● Work item: Only the lines from the one that contains "6、肉松蛋黄冰皮月饼,这里是" through the last line of the records should appear, each printed exactly as it is.

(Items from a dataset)
----------

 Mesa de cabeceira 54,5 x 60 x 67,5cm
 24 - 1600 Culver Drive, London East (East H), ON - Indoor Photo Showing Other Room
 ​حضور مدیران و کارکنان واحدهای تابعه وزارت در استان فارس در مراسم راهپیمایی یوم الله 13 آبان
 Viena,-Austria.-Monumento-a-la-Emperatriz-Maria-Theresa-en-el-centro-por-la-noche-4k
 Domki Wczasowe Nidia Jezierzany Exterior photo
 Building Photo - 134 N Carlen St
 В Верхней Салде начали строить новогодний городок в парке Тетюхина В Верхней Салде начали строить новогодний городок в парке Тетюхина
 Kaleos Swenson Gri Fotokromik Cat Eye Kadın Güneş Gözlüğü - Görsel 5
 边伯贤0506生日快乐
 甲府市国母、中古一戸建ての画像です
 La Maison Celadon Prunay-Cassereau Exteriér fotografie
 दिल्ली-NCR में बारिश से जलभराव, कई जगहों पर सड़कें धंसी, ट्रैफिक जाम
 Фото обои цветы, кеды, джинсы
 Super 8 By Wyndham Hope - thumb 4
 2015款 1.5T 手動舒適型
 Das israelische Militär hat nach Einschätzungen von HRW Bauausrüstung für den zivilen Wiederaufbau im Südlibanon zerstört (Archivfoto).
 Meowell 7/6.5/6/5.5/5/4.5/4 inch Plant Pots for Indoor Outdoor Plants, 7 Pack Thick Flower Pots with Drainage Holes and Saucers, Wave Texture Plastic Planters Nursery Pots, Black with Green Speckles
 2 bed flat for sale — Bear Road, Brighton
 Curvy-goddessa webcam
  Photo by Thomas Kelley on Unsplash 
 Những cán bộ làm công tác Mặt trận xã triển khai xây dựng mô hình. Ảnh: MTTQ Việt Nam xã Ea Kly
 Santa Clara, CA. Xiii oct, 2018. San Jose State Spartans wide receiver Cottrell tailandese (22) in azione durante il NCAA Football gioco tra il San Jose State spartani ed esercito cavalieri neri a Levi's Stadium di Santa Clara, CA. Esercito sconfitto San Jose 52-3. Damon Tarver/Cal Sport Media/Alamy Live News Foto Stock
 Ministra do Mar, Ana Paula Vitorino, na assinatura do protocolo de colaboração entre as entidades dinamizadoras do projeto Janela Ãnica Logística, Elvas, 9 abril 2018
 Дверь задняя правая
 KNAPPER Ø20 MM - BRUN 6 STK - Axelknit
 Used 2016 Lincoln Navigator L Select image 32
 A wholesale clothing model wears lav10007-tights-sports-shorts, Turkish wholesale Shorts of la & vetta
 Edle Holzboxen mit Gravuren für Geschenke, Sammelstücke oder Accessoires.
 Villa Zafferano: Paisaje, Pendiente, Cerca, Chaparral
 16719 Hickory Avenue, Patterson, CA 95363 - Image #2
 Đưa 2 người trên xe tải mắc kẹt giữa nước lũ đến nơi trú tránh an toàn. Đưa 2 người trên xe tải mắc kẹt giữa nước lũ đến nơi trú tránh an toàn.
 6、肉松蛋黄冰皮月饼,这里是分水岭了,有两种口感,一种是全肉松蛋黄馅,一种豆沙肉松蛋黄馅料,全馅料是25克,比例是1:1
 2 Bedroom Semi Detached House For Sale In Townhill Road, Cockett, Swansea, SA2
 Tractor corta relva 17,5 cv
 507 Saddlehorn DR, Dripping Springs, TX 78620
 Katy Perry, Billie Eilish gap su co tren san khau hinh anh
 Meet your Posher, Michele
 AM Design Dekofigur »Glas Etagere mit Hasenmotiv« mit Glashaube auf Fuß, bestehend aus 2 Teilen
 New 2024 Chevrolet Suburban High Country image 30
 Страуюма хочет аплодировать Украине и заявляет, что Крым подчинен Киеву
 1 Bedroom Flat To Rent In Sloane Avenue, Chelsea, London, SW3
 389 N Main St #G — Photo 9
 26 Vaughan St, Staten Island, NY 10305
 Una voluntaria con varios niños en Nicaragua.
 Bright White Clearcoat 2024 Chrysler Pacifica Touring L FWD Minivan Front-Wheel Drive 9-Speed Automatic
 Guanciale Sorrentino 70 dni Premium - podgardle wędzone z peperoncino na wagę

----------

● Answer to the exercise:
 6、肉松蛋黄冰皮月饼,这里是分水岭了,有两种口感,一种是全肉松蛋黄馅,一种豆沙肉松蛋黄馅料,全馅料是25克,比例是1:1
 2 Bedroom Semi Detached House For Sale In Townhill Road, Cockett, Swansea, SA2
 Tractor corta relva 17,5 cv
 507 Saddlehorn DR, Dripping Springs, TX 78620
 Katy Perry, Billie Eilish gap su co tren san khau hinh anh
 Meet your Posher, Michele
 AM Design Dekofigur »Glas Etagere mit Hasenmotiv« mit Glashaube auf Fuß, bestehend aus 2 Teilen
 New 2024 Chevrolet Suburban High Country image 30
 Страуюма хочет аплодировать Украине и заявляет, что Крым подчинен Киеву
 1 Bedroom Flat To Rent In Sloane Avenue, Chelsea, London, SW3
 389 N Main St #G — Photo 9
 26 Vaughan St, Staten Island, NY 10305
 Una voluntaria con varios niños en Nicaragua.
 Bright White Clearcoat 2024 Chrysler Pacifica Touring L FWD Minivan Front-Wheel Drive 9-Speed Automatic
 Guanciale Sorrentino 70 dni Premium - podgardle wędzone z peperoncino na wagę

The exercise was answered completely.